Sell Roku Stock, Analyst Says. Walmart’s Vizio Acquisition ‘Creates Substantial Risk.’ — Barrons.com

By Emily Dattilo

The competitive landscape is changing, and that presents problems for Roku, Wells Fargo says.

Analysts led by Steven Cahall downgraded shares of the media-streaming company to Underweight from Equal Weight and slashed their target for the stock price to $51 from $77. They lowered their forecasts for net additions of subscribers, revenue, gross profit, and other metrics in a Tuesday report.

In morning trading, Roku shares were down 1.4% to $63.46, while the S&P 500 was flat.
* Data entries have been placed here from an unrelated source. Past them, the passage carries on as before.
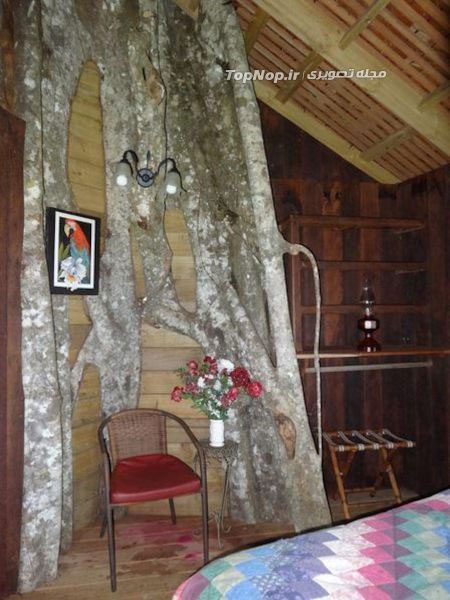 يك اقامتگاه تفريحي بر روي درخت! +عکس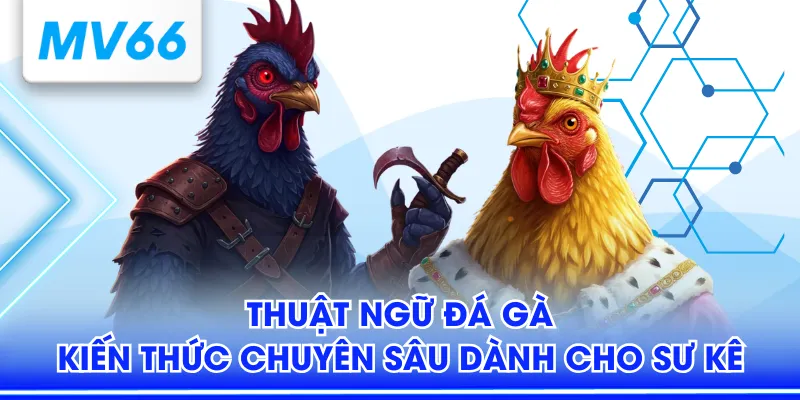 Thuật ngữ đá gà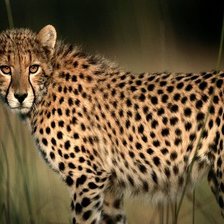 Схема вышивки «Гепард»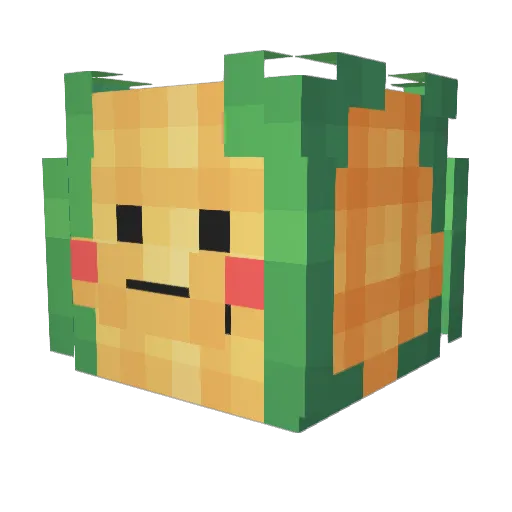 Amberry245 Minecraft avatar head, 3D render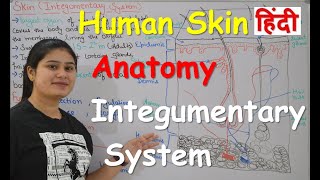 Human Skin  Integumentary system Anatomy in Hindi  Structure  Layers  Functions  Part1 [upl. by Albert]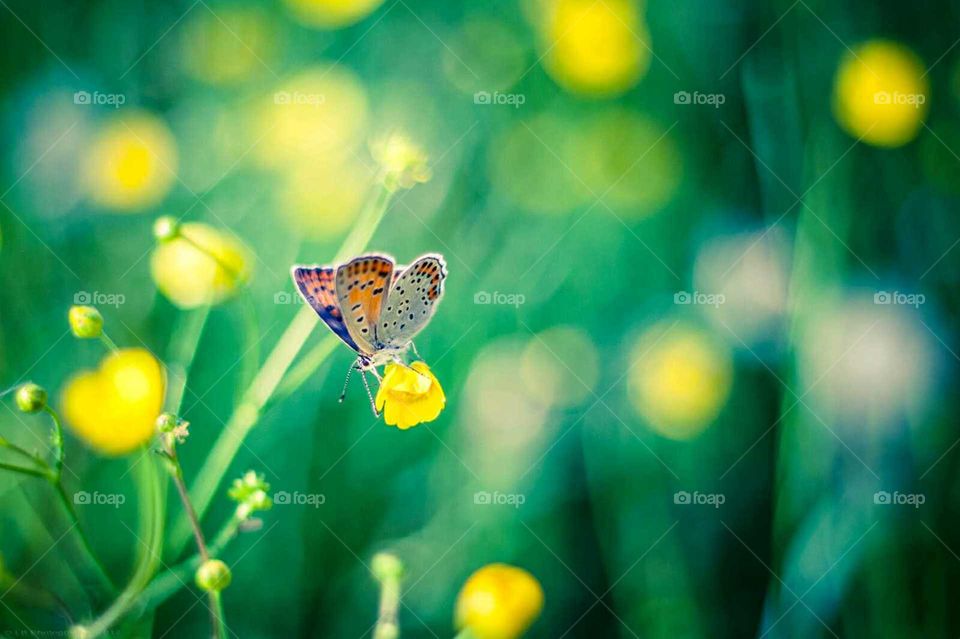 Butterfly
thank you mUhammad Usman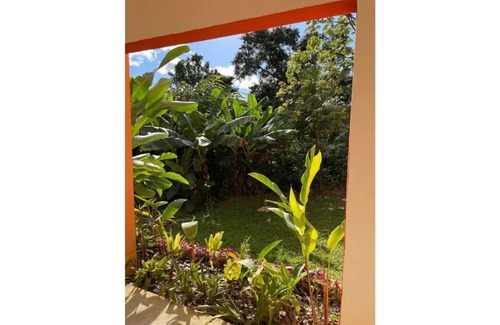 Guzman Arriba Apartment | Rainforest Retreat between mountains and sea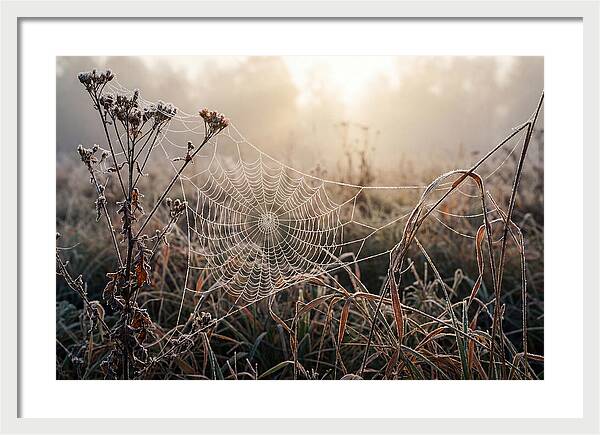 First Frost On Spider Web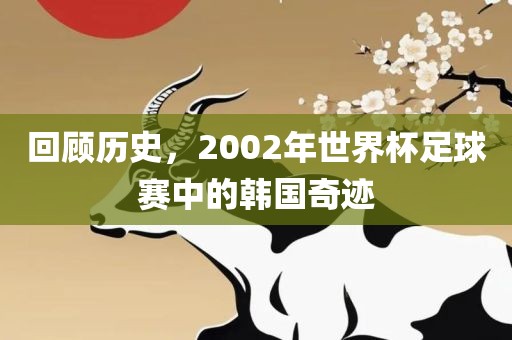 回顾历史，2002年世界杯足球赛中的韩国奇迹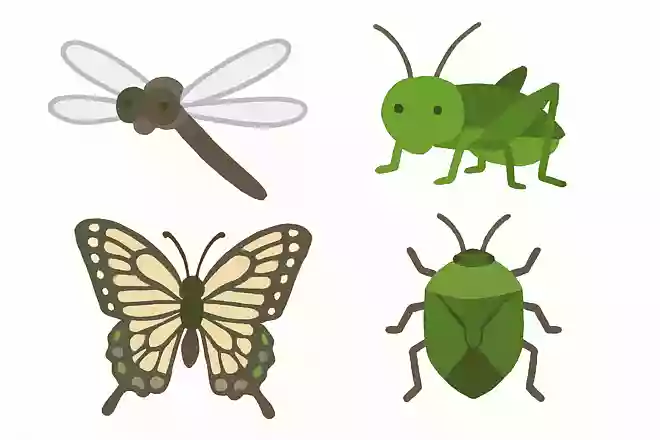 9月によく見かける虫は、どんな虫でしょう。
The core of the issue is that earlier this month, when Walmart filed its fourth-quarter earnings, the retailer confirmed reports it was buying the smart TV manufacturer Vizio for about $2.3 billion, or $11.50 a share. The acquisition will help Walmart make gains with its advertising business, Walmart Connect, Barron’s reported. Owning a TV maker allows a company to snap up dollars from advertising, which is quickly becoming a profit booster.

Walmart is responsible for about a third of Roku’s device sales and net subscriber additions, Wells Fargo wrote, saying the Vizio acquisition will probably weigh on Roku’s net adds by 2025 to 2026. It also means Walmart will likely move away from advertising collaborations with Roku in favor of Walmart Connect.

“ROKU is going to need to reposition given this major shift in the competitive landscape,” the analysts wrote, saying the Vizio deal “creates substantial risk” for Roku.

The company didn’t immediately respond to a request for comment.

The company’s three largest channel partners, or sellers of its hardware, are Walmart, Best Buy, and Amazon.com, the analysts continued, citing Roku’s financial filings. They said they don’t see any of the trio stepping up to purchase the company.

“Walmart has a Connected TV operating system now,” the team wrote. “Best Buy is not a media/ad company. AMZN could potentially have interest, but we think it has the necessary assets already between Prime Video for content/ads, FireTV operating system and a device supply chain.”

“This leaves ROKU to a fundamental valuation, and we think the story needs to improve for investors to justify a substantial long-term premium to the WMT/VZIO deal,” Wells added.

Earlier this month, Roku posted a fourth-quarter per-share loss that was in line with what Wall Street had expected. Sales were higher than anticipated.